8. April 2017, 21:58
Noch nie war die europäische Gesellschaft so alt wie im beginnenden 21. Jahrhundert. Und die Tendenz ist weiter steigend. Die Gesellschaft bekommt den Druck dieser Überalterung zu spüren. Wachsende Probleme bei der Altersversorgung, der Finanzierung des Gesundheitssystems oder der wirtschaftlichen Konkurrenzfähigkeit sind negative Konsequenzen.
Die Wahrnehmung des "Alters" gestaltet sich daher ambivalent. Das dritte Alter ist einerseits von gesamtgesellschaftlichen Problemstellungen geprägt und andererseits von Sehnsüchten wie Freiheit, Selbstbestimmung und vor allem Ruhe. Doch für viele ältere Menschen ist diese Ruhe nicht wirklich erstrebenswert.

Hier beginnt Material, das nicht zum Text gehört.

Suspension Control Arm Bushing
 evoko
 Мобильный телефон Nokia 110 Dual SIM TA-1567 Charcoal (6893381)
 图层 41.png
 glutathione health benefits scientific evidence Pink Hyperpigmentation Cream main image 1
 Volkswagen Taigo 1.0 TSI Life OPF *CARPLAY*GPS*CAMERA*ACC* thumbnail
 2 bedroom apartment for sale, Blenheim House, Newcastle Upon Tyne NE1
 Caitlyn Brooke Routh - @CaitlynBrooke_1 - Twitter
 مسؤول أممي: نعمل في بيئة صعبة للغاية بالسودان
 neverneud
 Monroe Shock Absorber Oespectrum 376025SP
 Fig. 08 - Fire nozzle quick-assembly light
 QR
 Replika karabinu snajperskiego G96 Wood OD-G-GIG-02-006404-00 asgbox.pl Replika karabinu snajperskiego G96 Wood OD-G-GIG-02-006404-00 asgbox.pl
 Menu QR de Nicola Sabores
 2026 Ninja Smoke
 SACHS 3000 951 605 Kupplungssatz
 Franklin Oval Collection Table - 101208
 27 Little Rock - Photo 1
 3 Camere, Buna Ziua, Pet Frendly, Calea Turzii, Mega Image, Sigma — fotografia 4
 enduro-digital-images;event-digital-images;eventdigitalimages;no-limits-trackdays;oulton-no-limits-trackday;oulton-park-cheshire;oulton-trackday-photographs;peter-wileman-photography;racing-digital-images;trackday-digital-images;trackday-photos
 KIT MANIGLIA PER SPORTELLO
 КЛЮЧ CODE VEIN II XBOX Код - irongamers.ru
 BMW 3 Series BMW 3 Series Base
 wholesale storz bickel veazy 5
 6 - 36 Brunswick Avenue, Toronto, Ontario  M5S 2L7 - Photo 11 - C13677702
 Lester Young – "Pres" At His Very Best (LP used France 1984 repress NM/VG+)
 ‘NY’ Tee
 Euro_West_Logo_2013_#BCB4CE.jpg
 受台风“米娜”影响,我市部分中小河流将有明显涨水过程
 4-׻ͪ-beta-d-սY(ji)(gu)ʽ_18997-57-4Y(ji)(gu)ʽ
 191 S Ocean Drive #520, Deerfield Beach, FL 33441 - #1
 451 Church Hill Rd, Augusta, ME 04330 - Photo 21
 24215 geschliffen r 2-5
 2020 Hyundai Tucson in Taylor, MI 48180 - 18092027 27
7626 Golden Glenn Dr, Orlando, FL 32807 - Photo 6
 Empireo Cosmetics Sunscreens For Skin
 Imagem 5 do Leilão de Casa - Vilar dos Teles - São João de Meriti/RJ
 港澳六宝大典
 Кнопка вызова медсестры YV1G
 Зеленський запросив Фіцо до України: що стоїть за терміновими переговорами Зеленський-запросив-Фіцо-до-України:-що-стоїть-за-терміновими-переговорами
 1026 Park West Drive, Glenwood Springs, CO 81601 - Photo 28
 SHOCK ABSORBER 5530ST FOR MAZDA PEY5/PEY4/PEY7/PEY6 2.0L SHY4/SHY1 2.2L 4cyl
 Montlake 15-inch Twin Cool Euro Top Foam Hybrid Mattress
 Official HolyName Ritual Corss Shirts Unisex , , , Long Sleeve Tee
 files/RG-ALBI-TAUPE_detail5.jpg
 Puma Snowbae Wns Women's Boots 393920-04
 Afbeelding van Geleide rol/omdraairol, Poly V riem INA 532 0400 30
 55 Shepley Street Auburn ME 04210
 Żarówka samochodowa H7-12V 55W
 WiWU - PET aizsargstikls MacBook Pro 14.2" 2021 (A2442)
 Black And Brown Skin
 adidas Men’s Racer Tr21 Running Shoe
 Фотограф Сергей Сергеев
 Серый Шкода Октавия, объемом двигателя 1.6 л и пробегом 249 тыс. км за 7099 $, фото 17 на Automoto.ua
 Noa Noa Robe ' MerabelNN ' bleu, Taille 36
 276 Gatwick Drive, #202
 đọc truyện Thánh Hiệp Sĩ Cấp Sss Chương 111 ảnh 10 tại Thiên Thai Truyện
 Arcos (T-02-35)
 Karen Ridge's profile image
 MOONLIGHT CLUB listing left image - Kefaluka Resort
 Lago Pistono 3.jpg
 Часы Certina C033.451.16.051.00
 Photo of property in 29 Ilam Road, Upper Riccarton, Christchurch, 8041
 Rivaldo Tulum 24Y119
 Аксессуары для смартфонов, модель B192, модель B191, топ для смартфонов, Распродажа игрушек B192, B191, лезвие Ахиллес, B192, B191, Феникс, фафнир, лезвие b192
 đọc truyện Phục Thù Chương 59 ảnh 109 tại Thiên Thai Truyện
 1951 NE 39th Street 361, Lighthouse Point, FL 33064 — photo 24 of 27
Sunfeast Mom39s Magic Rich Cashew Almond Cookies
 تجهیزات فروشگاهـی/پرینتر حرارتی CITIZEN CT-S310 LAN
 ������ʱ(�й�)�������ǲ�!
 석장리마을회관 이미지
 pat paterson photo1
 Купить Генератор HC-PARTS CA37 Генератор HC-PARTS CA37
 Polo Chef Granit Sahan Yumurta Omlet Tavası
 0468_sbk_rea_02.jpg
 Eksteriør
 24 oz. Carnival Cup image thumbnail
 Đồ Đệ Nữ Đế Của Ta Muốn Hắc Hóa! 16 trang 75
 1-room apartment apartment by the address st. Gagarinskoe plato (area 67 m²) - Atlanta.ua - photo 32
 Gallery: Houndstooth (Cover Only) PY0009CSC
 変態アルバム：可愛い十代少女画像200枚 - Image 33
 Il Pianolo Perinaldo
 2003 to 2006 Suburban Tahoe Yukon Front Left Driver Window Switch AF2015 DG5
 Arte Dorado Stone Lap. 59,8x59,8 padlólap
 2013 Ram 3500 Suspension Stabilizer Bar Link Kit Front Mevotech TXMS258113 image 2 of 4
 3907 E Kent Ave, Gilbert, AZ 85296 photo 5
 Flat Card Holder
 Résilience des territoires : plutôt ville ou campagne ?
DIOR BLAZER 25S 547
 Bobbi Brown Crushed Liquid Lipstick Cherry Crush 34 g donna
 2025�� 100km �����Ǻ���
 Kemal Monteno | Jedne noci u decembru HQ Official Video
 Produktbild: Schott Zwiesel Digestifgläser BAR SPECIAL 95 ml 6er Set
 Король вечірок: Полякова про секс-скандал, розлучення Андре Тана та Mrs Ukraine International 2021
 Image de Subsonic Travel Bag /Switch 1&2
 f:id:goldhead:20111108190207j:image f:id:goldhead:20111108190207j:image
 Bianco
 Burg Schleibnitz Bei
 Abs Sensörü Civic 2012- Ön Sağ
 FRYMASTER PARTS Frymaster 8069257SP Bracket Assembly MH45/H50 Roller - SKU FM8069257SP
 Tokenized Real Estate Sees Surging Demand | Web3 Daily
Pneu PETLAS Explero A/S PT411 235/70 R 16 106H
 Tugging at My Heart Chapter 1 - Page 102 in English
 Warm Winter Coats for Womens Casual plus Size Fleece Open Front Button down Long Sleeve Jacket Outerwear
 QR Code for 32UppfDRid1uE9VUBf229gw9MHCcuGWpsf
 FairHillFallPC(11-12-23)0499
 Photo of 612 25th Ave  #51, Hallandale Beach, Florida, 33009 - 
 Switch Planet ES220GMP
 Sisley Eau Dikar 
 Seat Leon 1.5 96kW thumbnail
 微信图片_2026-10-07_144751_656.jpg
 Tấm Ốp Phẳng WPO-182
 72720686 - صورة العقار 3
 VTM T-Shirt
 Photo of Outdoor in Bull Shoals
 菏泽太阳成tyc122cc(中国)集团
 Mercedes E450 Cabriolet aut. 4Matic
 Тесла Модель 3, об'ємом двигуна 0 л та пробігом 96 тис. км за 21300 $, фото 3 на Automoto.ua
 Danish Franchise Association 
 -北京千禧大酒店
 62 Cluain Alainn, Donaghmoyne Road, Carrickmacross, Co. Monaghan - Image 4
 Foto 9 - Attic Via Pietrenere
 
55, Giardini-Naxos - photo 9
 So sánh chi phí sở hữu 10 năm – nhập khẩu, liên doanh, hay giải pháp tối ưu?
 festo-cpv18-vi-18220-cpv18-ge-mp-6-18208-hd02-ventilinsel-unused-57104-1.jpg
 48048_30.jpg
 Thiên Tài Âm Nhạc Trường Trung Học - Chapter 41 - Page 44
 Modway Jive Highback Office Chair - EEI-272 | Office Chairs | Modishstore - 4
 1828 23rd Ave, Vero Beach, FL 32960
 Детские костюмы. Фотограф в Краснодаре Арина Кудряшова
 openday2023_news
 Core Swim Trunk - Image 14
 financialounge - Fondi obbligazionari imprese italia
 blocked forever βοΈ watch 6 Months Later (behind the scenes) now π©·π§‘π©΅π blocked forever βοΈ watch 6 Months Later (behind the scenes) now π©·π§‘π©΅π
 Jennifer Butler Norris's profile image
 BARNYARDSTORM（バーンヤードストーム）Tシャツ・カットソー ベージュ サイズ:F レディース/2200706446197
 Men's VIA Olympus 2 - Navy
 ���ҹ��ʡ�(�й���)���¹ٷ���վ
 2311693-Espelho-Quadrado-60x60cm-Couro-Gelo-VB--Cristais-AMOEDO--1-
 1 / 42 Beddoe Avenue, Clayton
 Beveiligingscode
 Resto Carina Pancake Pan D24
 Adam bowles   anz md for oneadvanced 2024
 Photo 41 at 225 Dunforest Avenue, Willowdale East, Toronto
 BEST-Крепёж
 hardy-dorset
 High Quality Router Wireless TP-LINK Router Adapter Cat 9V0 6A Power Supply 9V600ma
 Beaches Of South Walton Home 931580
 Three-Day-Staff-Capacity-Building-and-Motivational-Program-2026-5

Neue Lebensentwürfe für ein modernes Altersbild
Entwicklung, Wachstum und Kreativität sollen weiterhin das Leben bestimmen. Es muss also darum gehen neue Entwürfe für den Alltag älter werdender Menschen aufzuzeigen, die einem modernen Altersbild entsprechen. Denn Zwischen dem Ausstieg aus dem Erwerbsleben und dem Beginn der Hochaltrigkeit klafft eine immer größere Lücke.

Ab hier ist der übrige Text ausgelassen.